☆HOSHINO 2019年6月27日号

〈男と女の性犯罪実録調書〉③殺された方がマシやった

掲載日時 2019年01月31日 00時00分 [官能] / 掲載号 2019年2月7日号

 ようやく解放され、自宅に戻ってきた富士子さんは、翌朝になって彼氏にLINEで被害を打ち明けた。
〈昨日、電車の中で会った男に脅され、公園でレイプされた〉
〈何だって?〉
〈暴走族総長をやっていたとかいうヤバイ人。家を燃やすとか言われたけど、殺された方がマシやった…〉

 それでも富士子さんは気力を振り絞って出社した。だが、勤務中に涙があふれて止まらなくなり、上司にも被害を打ち明けた。上司は彼女を早退させ、産婦人科の診察を受けさせた。

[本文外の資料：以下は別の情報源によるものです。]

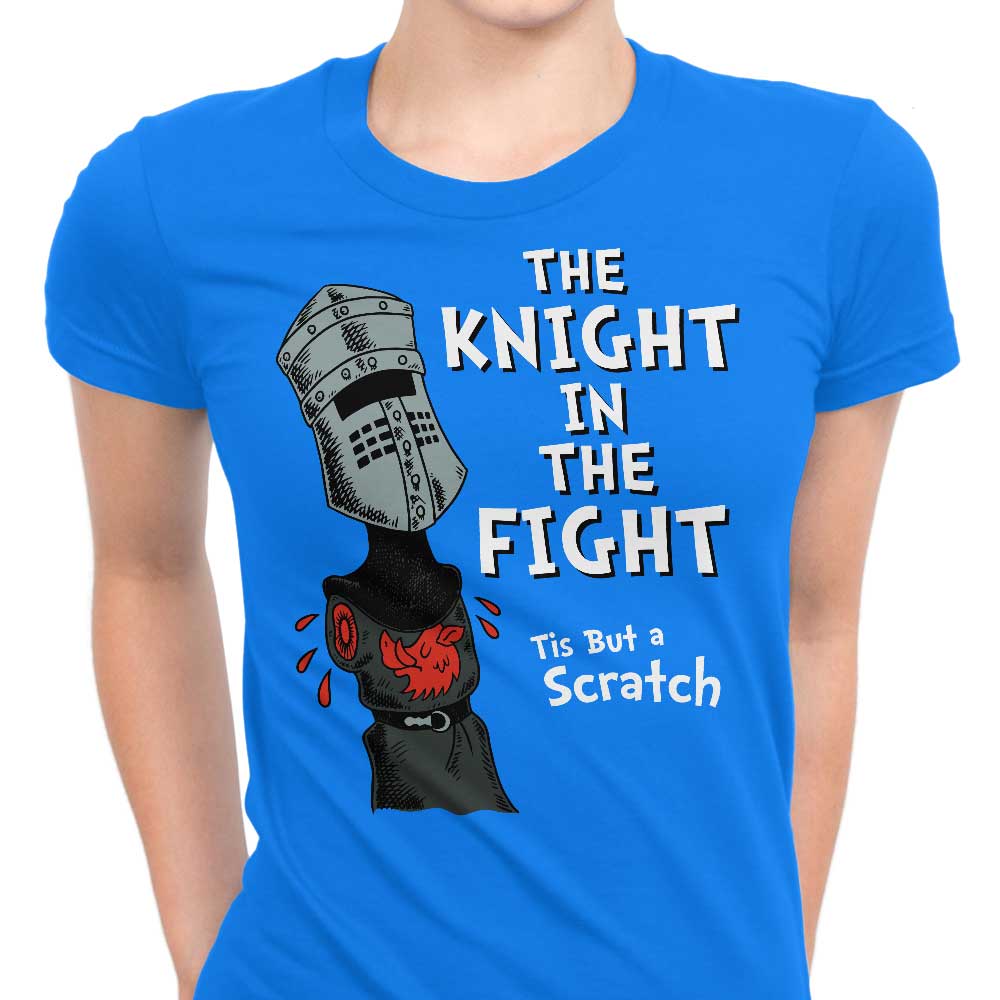 The Knight in the Fight - Women's Apparel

 一方、富士子さんから被害を聞いた彼氏の姉は、いち早く警察に相談。警察は富士子さんからの被害届の提出を受け、2人が降りた駅の防犯カメラを確認したところ、しつこく付きまとう森野の姿を確認した。
「こいつは…」

 地元のベテラン刑事なら誰もが知る男だった。さっそく犯行を裏付けて、森野が勤務する土木会社に向かったところ、森野は2台のパトカーが近付いてくるのを見て、「レイプがバレて、自分を捕まえに来た」と直感し、裏山に逃走。警察は30人がかりで山狩りを開始し、警察本部には機動隊と警察犬の出動を要請した。

 それから1時間後、森野は約2キロ離れた病院の駐車場にいるところを発見された。森野は強制性交等の疑いで逮捕されたが、「合意の上だった」と否認した。
「ただのナンパですよ。LINEを交換し、『昨日は大丈夫やった?』って、電話でも話しているんです」

 だが、そんなウソがまかり通らないことが分かってくると、一転して否認を撤回。公判ではひたすら謝罪の弁を繰り返した。
「被害者様には大変申し訳ありませんでした。出所して間もないのにこんな事件を起こしてしまい、まともに認めるのが怖かった。これをきっかけに、メチャクチャやってきた自分の人生を立て直していきたい」

 森野はこれまで、刑務所内でも何度もトラブルを起こしてきた常習犯。性犯罪者処遇プログラムを受けても、まったく効果がなかった筋金入りの性犯罪者だ。このような男に再起の道はあるのだろうか。

 裁判所は「被害者に相当の恐怖を与えて抵抗できない状態にさせ、執拗に犯行に及んでおり、悪質性が高い。常習性がうかがえ、規範意識が著しく低い」と断罪し、懲役6年の実刑判決を言い渡した。